*** Opening of Material for this task ***

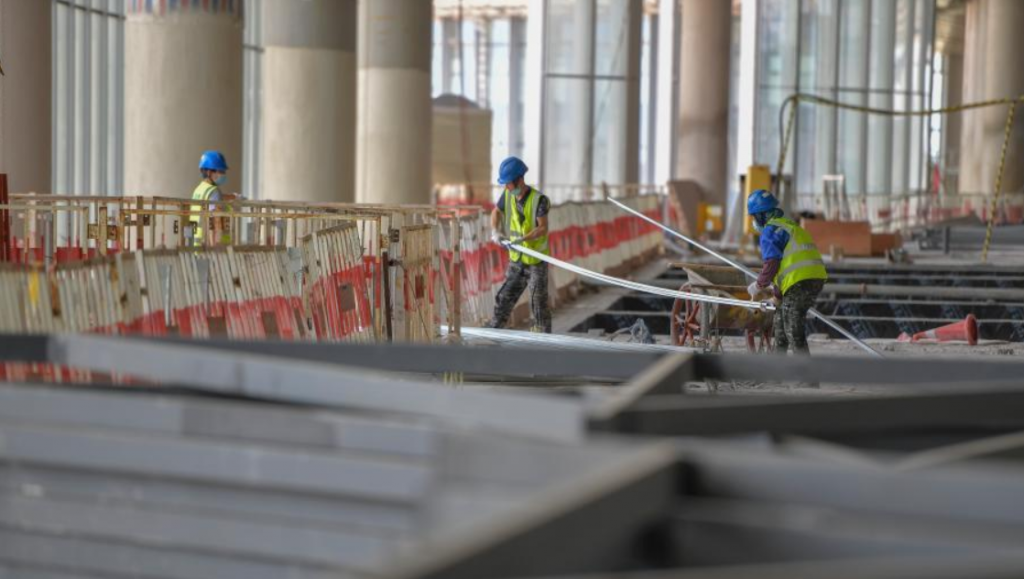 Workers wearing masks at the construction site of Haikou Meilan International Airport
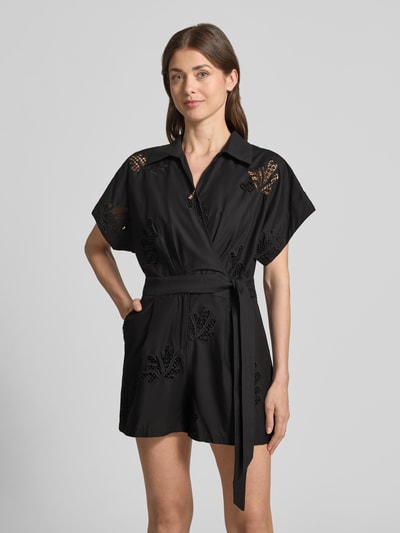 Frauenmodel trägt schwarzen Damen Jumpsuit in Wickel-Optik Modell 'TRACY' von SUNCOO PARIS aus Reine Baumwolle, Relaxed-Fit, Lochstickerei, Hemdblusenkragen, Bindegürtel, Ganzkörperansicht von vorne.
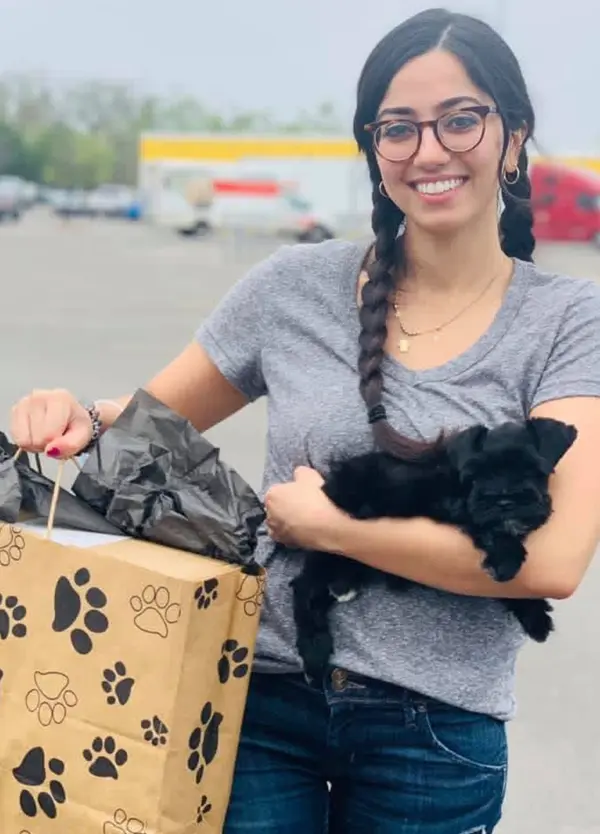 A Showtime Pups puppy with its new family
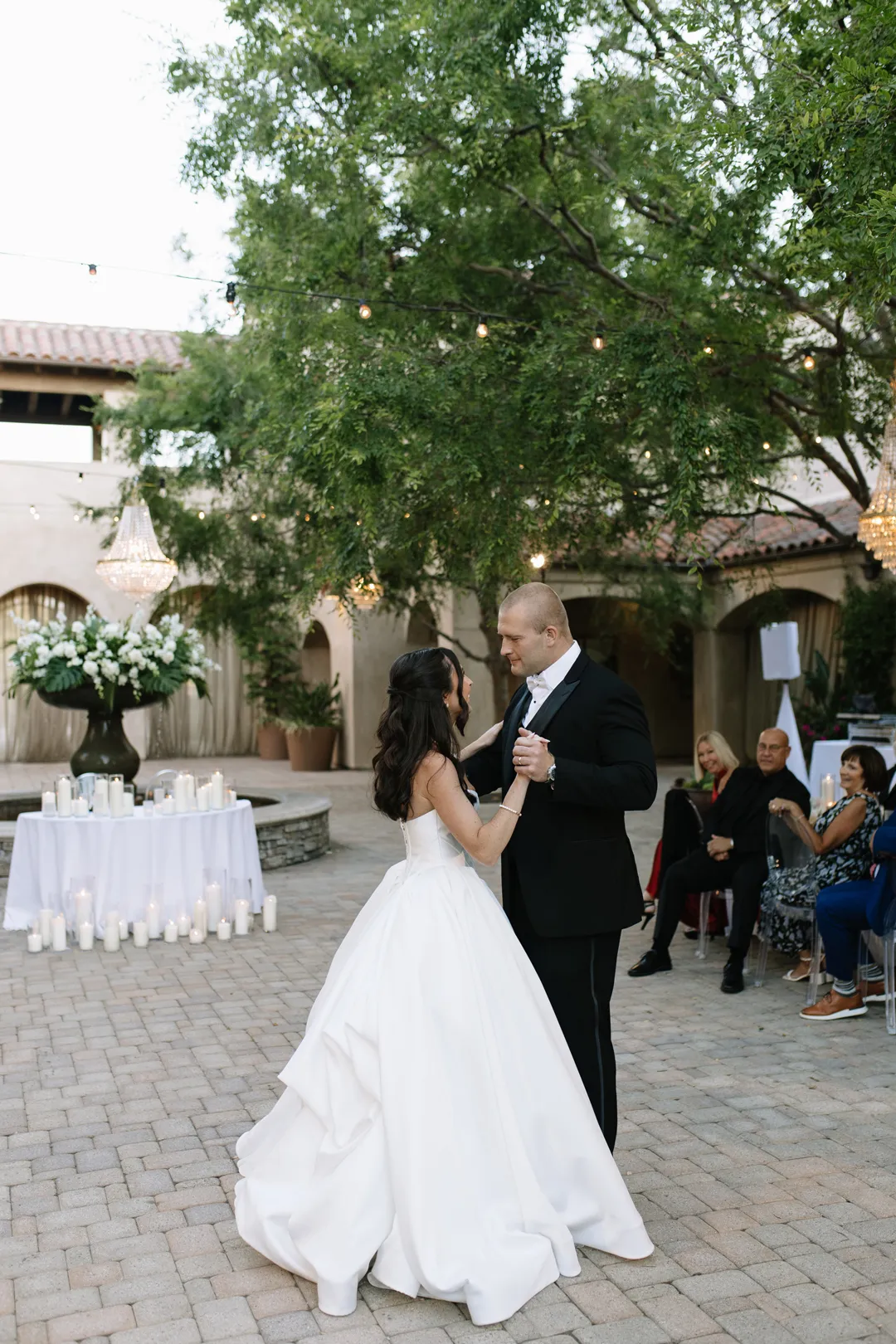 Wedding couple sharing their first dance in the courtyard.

*** Close of Material for this task ***
*** Opening of Material for this task ***

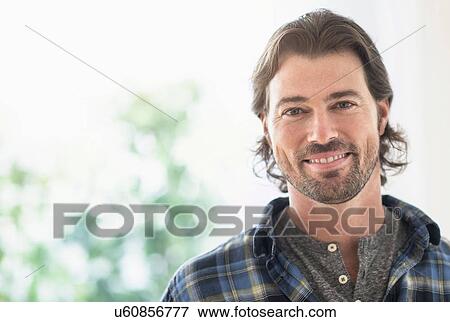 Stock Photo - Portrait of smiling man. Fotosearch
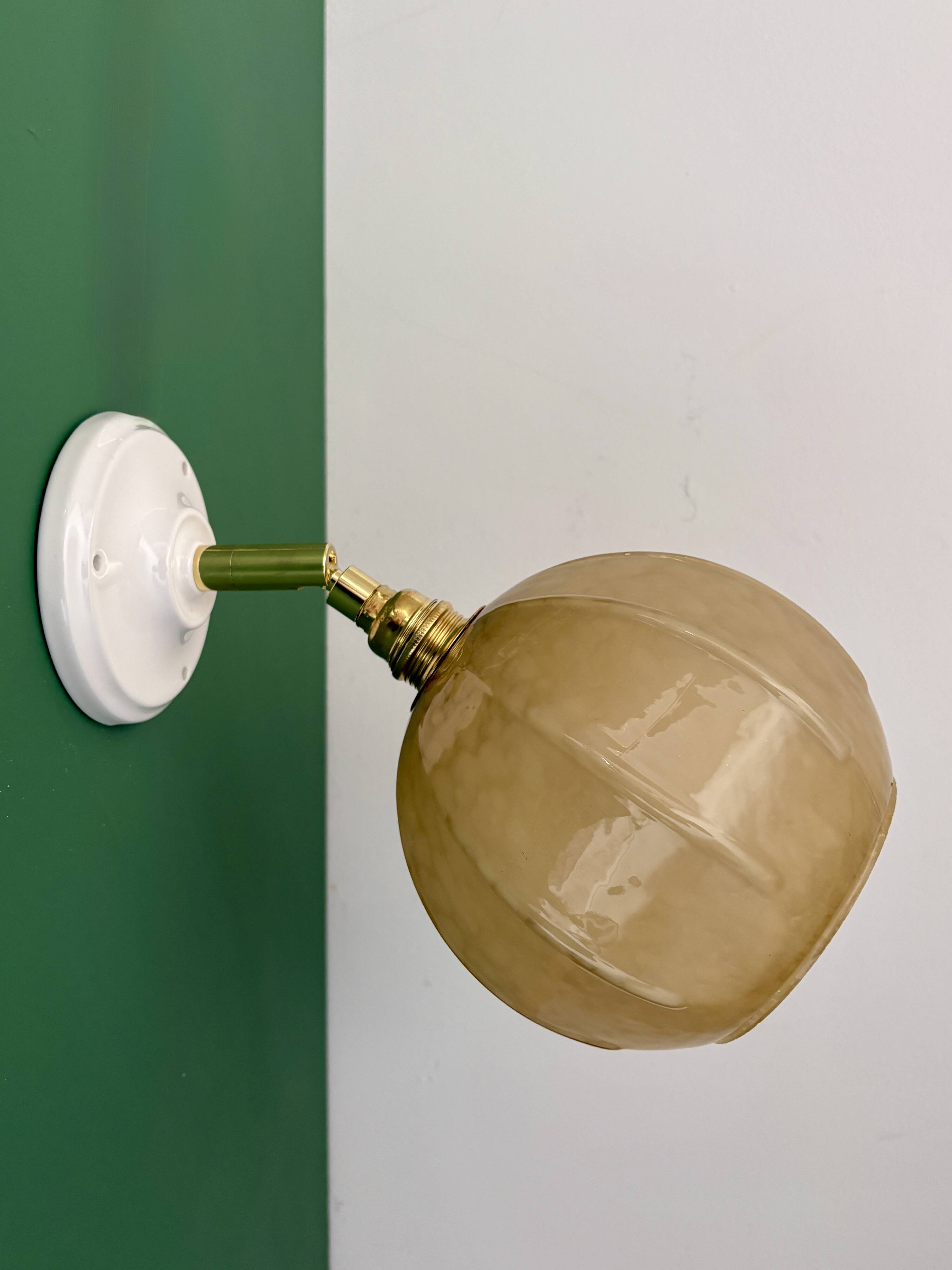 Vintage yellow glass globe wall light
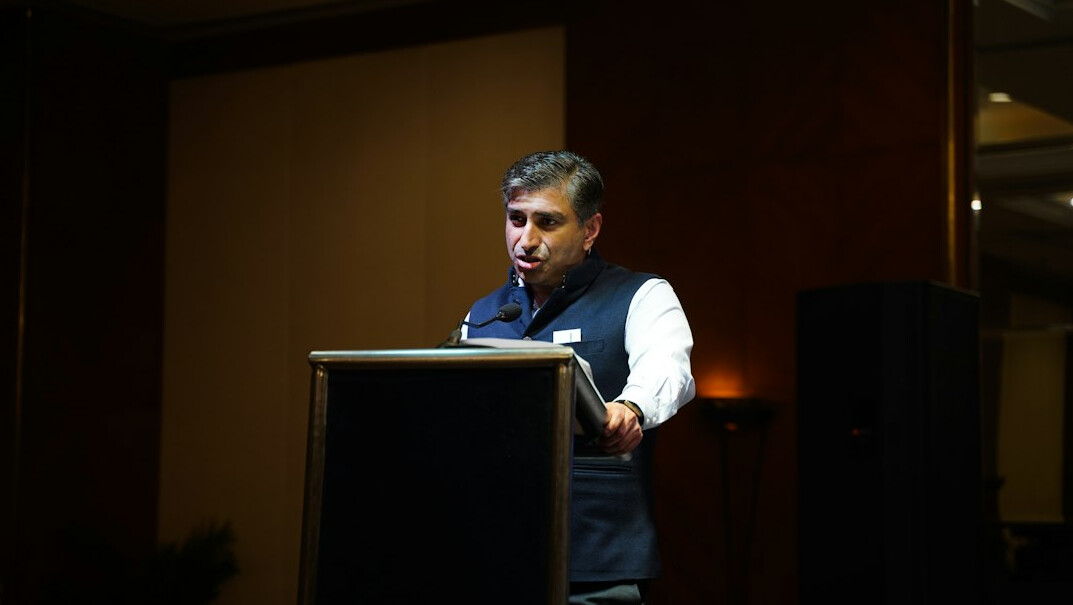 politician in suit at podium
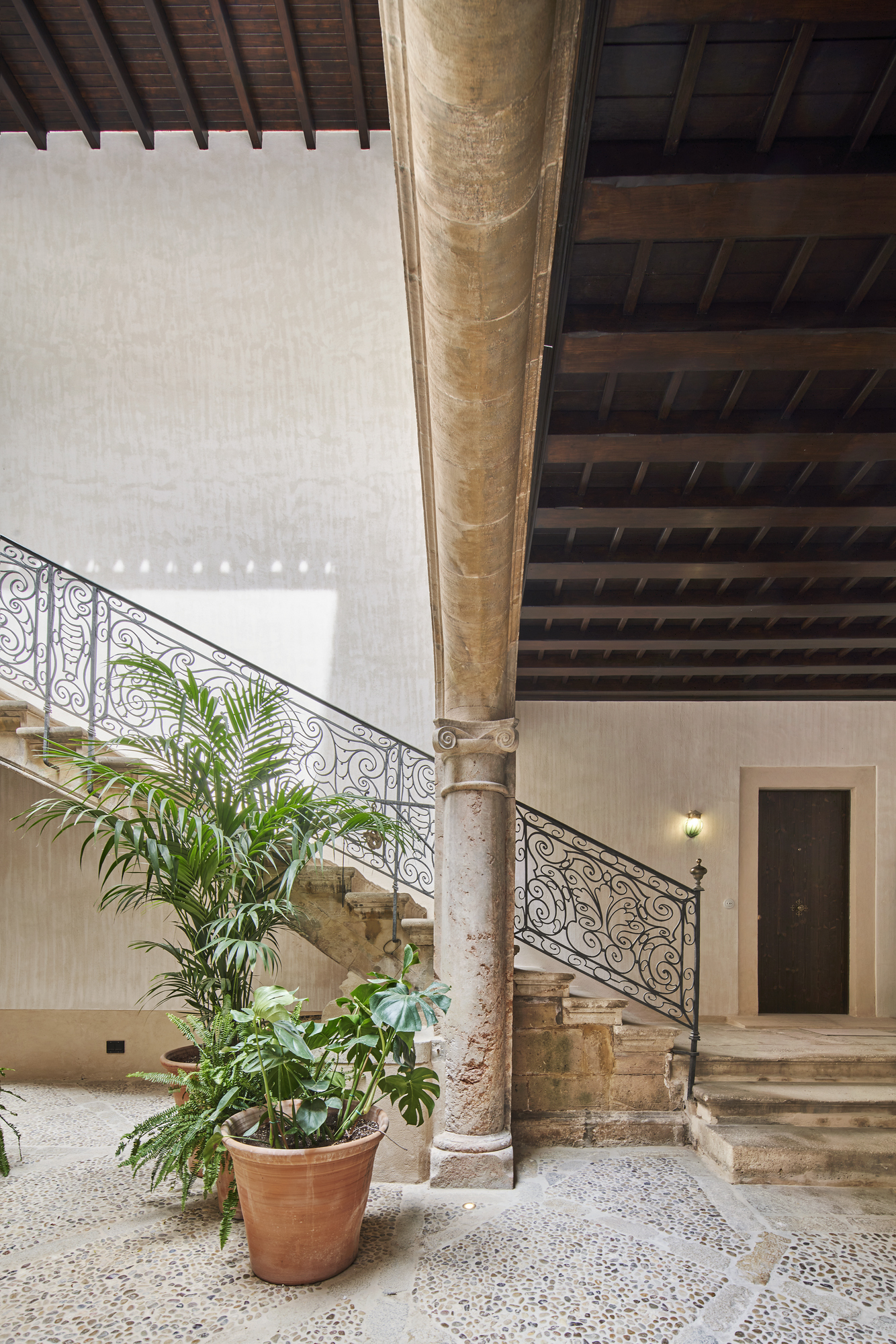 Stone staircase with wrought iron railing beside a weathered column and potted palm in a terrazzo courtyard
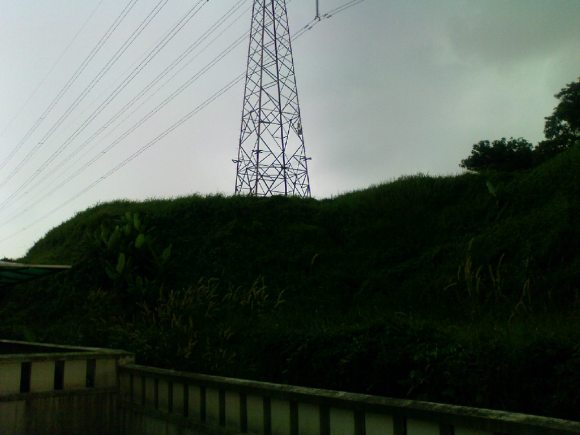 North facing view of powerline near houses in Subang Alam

*** Close of Material for this task ***
*** Opening of Material for this task ***

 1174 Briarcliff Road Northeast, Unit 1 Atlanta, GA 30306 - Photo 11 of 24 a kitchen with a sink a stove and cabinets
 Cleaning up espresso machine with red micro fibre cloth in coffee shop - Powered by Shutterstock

*** Close of Material for this task ***

Brief>
Your answer should be the exact lines above from the one containing "politician in suit at podium" through the one containing "North facing view", with both end lines kept and the pictures removed, please.

Task solution>
 politician in suit at podium
 Stone staircase with wrought iron railing beside a weathered column and potted palm in a terrazzo courtyard
 North facing view of powerline near houses in Subang Alam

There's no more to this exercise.